# Time-Series Feature Engineering for Flight Delay Prediction

This notebook generates time-series based conditional expected values using Prophet models.
These features capture temporal trends and seasonality for use in Flight Lineage feature engineering.

## Features Generated:

### Time-Series Aggregations:
1. **Global**: All flights aggregated by date
2. **Per Airport**: Aggregated by origin airport and date
3. **Per Airline (Carrier)**: Aggregated by carrier and date
4. **Per Airport & Airline**: Aggregated by carrier-airport and date
5. **Per Route (Origin-Dest)**: Aggregated by route and date (for air time)

### Features of Interest:
- **Departure Delay**: Expected departure delays (conditional on carrier, airport, time)
- **Arrival Delay**: Expected arrival delays
- **Air Time**: Expected flight time from origin to destination
- **Taxi Times**: Expected taxi-in and taxi-out times
- **Turnover Time**: Time between arrival and next departure (requires joining to prior leg - see note at end)

### Prophet Models:
Each aggregation level uses Prophet to capture:
- Long-term trends
- Weekly seasonality
- Yearly seasonality (if sufficient data)
- Date-specific forecasts


In [None]:
# Dependencies
import importlib.util
import sys

# Load cv module
cv_path = "/Workspace/Shared/Team 4_2/flight-departure-delay-predictive-modeling/notebooks/Cross Validator/cv.py"
spec = importlib.util.spec_from_file_location("cv", cv_path)
cv = importlib.util.module_from_spec(spec)
spec.loader.exec_module(cv)

# Dependencies for time series features
from pyspark.sql import functions as F
from pyspark.sql.functions import col, to_timestamp, when, hour, dayofweek, month
import pandas as pd
import numpy as np
from prophet import Prophet

# Dependencies for visualization
import matplotlib.pyplot as plt
import seaborn as sns

# Other dependencies
import time

# Path for persistent storage
FOLDER_PATH = "dbfs:/mnt/mids-w261/student-groups/Group_4_2/experiments"


## Load Data

Load 2-year fold (training + validation) for time-series analysis


In [None]:
# Load from data_loader and save snapshot (run once)
ts_data_path = f"{FOLDER_PATH}/timeseries_data_snapshot.parquet"
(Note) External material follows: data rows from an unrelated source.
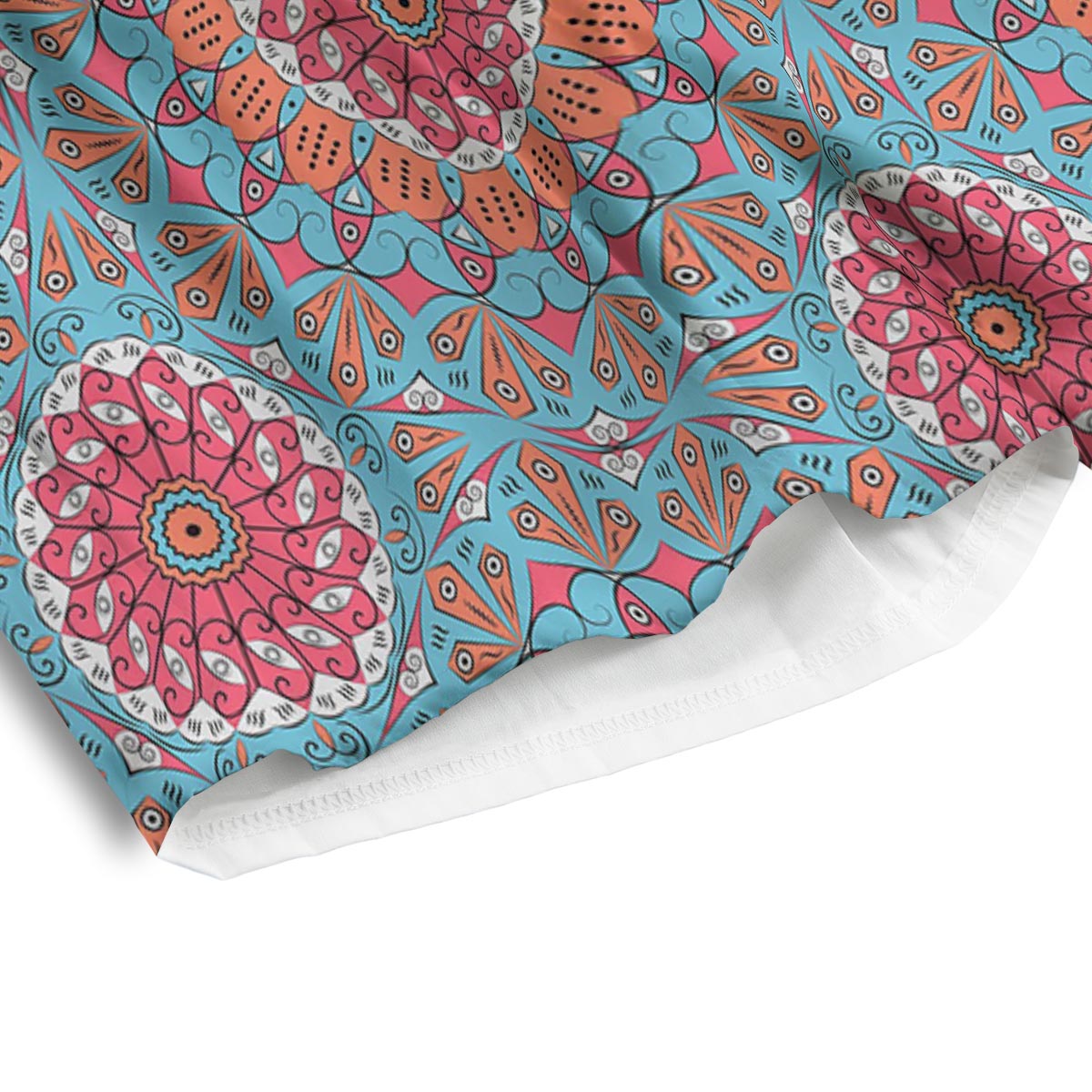 Bohemian Mandala Pink And Teal Print Pattern Men's Athletic Shorts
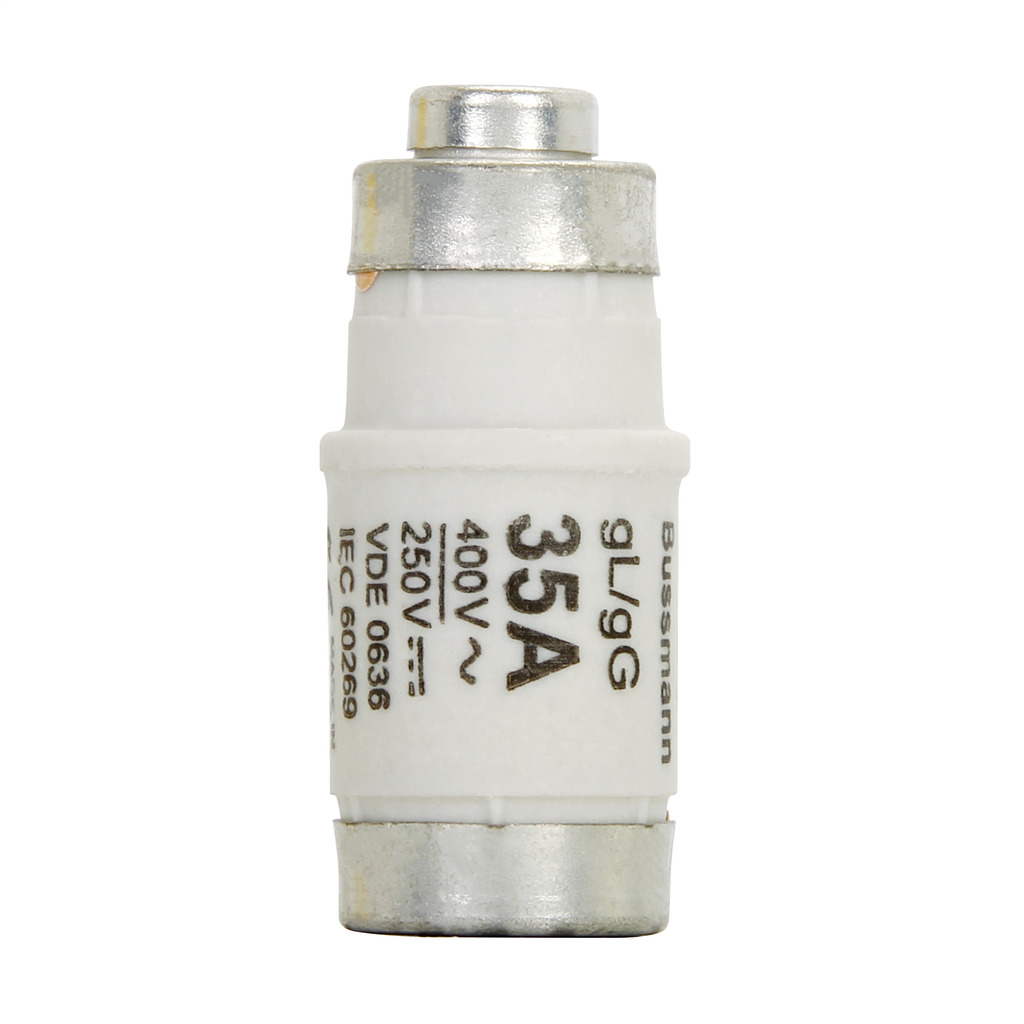 35NZ02 Type D0 Time Delay Fuse, 35 A, 400 V AC, 100 kA Interrupt, Class: GL/GG/C, Cartridge Body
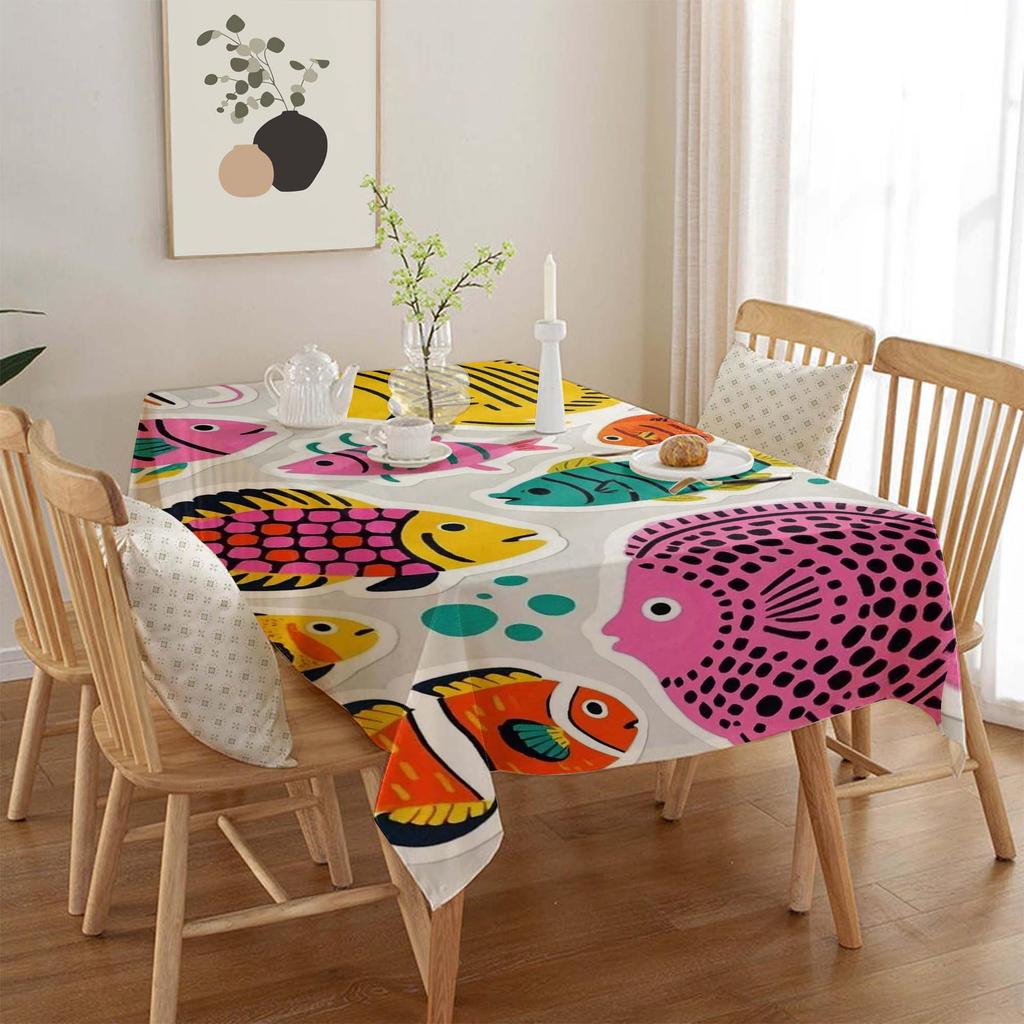 Ocean Series Polyester Tablecloth: European Style Dining & Festival Decor for Home and Hotel.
print("Loading from data_loader and saving snapshot...")
start = time.time()
data_loader = cv.FlightDelayDataLoader()
data_loader.load()
folds = data_loader.get_version("60M")

# Use final fold and union training and validation to get 2 years of data for time series analysis
# This allows us to learn yearly seasonality without data leakage
train_df, val_df = folds[-1]

# Union training and validation folds to get 2-year time period
ts_data = train_df.union(val_df)

# Check partition count and repartition if needed
num_partitions = ts_data.rdd.getNumPartitions()
if num_partitions > 500:
    ts_data = ts_data.coalesce(200)
elif num_partitions < 10:
    ts_data = ts_data.repartition(50)

# Save snapshot
ts_data.write.mode("overwrite").parquet(ts_data_path)
print(f"Saved snapshot in {time.time() - start:.2f} seconds")

print(f"\nTime series data: {ts_data.count():,} flights")
print(f"Date range: {ts_data.agg(F.min('FL_DATE'), F.max('FL_DATE')).collect()}")